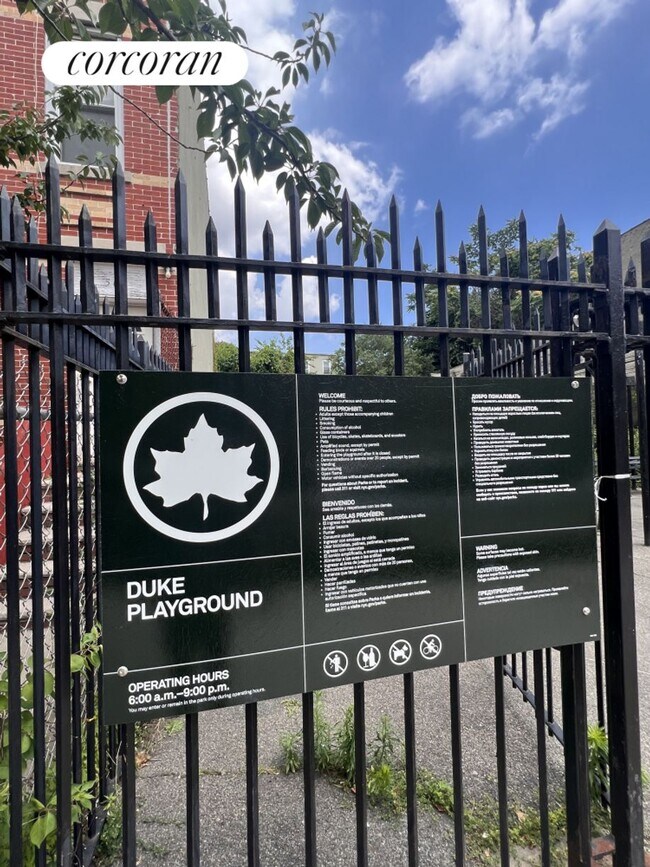 Building Photo - 505 New Jersey Ave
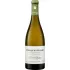 Bild vom Weißwein Chateau des Quarts Pouilly-Fuisse Premier Cru Aux Quarts 2022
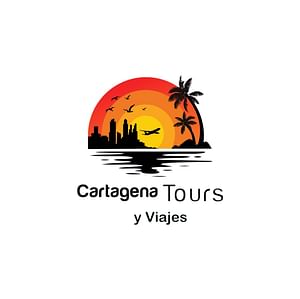 Cartagena Tours Y Viajes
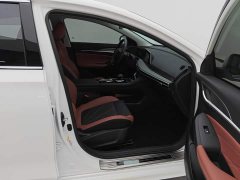 Changan PLUS NE 1.4T GDI DCT Edition - фото 8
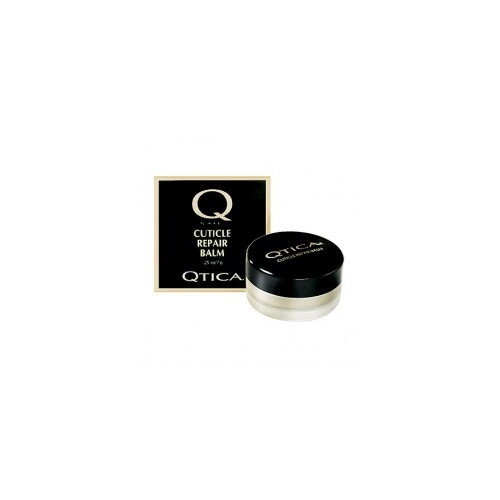 Intense Cuticle Repair Balm 7gm by Qtica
⁂
**ABOUT THIS TASK**. Copy all the material word for word, minus its pictures.

**RESULT OF THIS EXERCISE**.
 Building Photo - 505 New Jersey Ave
 Bild vom Weißwein Chateau des Quarts Pouilly-Fuisse Premier Cru Aux Quarts 2022
 Cartagena Tours Y Viajes
 Changan PLUS NE 1.4T GDI DCT Edition - фото 8
 Intense Cuticle Repair Balm 7gm by Qtica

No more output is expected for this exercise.